Für meine Untersuchung wählte ich fünf Beispiele von entwicklungserzwungener Verdrängung und Umsiedlung (Development-Forced Displacement and Resettlement (DFDR)). Dafür besuchte ich vier verschiedene Orte in Frankreich und Portugal , welche von diesem Phänomen betroffen sind, um dort empirische Forschungen durchzuführen. Dazu kam ein Performance-Workshop von Mapa Teatro, deren Arbeitsmethode ebenfalls in meine Analyse integriert wurde. Die Auswahl der Beispiele orientierte sich vor allem an den unterschiedlichen Arten von Interventionen innerhalb des DFDR-Prozesses. Folgende Fälle wurden dabei untersucht: Sozialwissenschaftler, die eine museale Gedenkstätte für das überflutete Dorf Luz bauen; ein durch Eigeninitiative gegründeter Verein von vertriebenen, ehemaligen Bewohnern von Vilarinho da Furna; ein Anthropologe, der ein Archiv zur Erinnerung an das Tal Dordogne gründet; ein Sozialzentrum zur Konstitution von Erinnerungen in einer neu zu gründenden Nachbarschaft sowie ein künstlerisches Laboratorium für neue Dramaturgien, die aus dem Erleben des DFDR-Prozesses von Bario Santa Inés in Bogotá, Colombia, entstanden. Was die Perspektive der Prozesse der Performance und Szenografie betrifft, waren meine Feldforschungen so geplant, dass ich Feste, Zeremonien und andere Veranstaltungen, – die ich als „Inszenierungen“ interpretiere, welche die räumlichen Komplexitäten des DFDR-Prozesses verhandeln – zusehend oder teilnehmend erleben konnte.
Das Konzept von Geoszenografie erlaubt es mir, diese Performance-Prozesse als szenografische Arbeitsweise der Ent- und Wiederterritorialisierung zu identifizieren und zu analysieren.
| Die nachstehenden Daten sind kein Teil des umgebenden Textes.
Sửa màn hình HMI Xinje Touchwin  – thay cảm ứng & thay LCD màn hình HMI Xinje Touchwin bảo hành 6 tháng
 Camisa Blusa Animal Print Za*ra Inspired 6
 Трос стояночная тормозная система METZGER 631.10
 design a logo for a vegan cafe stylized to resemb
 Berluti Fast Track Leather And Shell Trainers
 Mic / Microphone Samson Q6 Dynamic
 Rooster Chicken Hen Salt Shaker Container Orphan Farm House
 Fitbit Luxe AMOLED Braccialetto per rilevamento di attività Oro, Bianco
Szenografie über den Rahmen des Theaters hinaus auszudehnen spiegelt auch eine persönliche Entwicklung wider, wobei künstlerische Praxis, konzeptuelles Denken und kritische Analyse kombiniert werden, um ontologische Gewissheiten in Frage zu stellen und eine philosophische Debatte über die Möglichkeit einer Geoszenografie zu provozieren: eine Szenografie aus dem Milieu mit größerem sozialen und politischen Engagement.